Happy New Year! I hope you all enjoyed a good break over the festive period. Let’s hope that 2019 will be kinder to our portfolios than 2018.

December capped a bad year for the SIF fund, but happily my rules-based portfolio still managed to finish ahead of the FTSE All-Share index by a modest 1.3%:


My view remains that a number of decent stocks have been oversold as investors have taken fright at a multitude of potential risks. These include the prospect of a chaotic no-deal Brexit, US-China trade war, and rising interest rates.

It remains to be seen whether these fears are fully justified. But the forward-looking nature of markets could mean that stock market sentiment improves while newspaper headlines remain full of doom.

Getting back to business

I’m not going to make any more predictions, but I will continue with my strategy of buying stocks which qualify for my Stock in Focus (SIF) Screen, and selling those which don’t.

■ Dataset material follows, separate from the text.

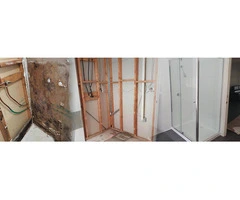 Affordable New Bathroom Renovations in Melbourne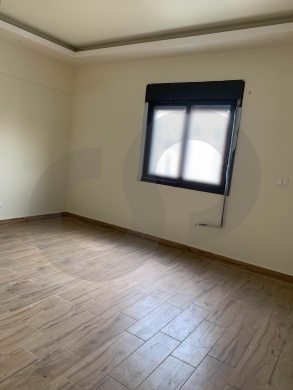 175 SQM Apartment for Sale/Prime location/DAM WA FARZ-TRIPOLI/ضم و فرز/REF#ZT141992 — 2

As a reminder for new readers, my SIF fund is a virtual fund I run through Stockopedia’s Fantasy Funds system. In order to have skin in the game and make this more interesting, I also invest a portion of my own personal portfolio in all of the stocks I add to the SIF fund.

At the end of each month, I review stocks that have been in the folio for at least nine months to see if they still pass my screening rules. If they don’t, they’re sold.

This slightly belated review is for December 2018 and will include three stocks:

  • Used car supermarket Motorpoint (LON:MOTR)

  • Engineering and construction group Costain (LON:COST)

  • FTSE 250 instrumentation and control specialist Spectris (LON:SXS)

Motorpoint is the fund’s oldest holding, having been purchased in December 2017. Costain and Spectris were purchased in March 2018 and have delivered some of my biggest losses to date:


(As at 2 January 2019)

Let’s take a closer look.

Motorpoint (LON:MOTR)

Original coverage 06/12/2017

My respect for this car supermarket business has increased during the time that I’ve owned the shares. It appears to be able to generate a very high return on capital employed (ROCE) without excessive use of debt.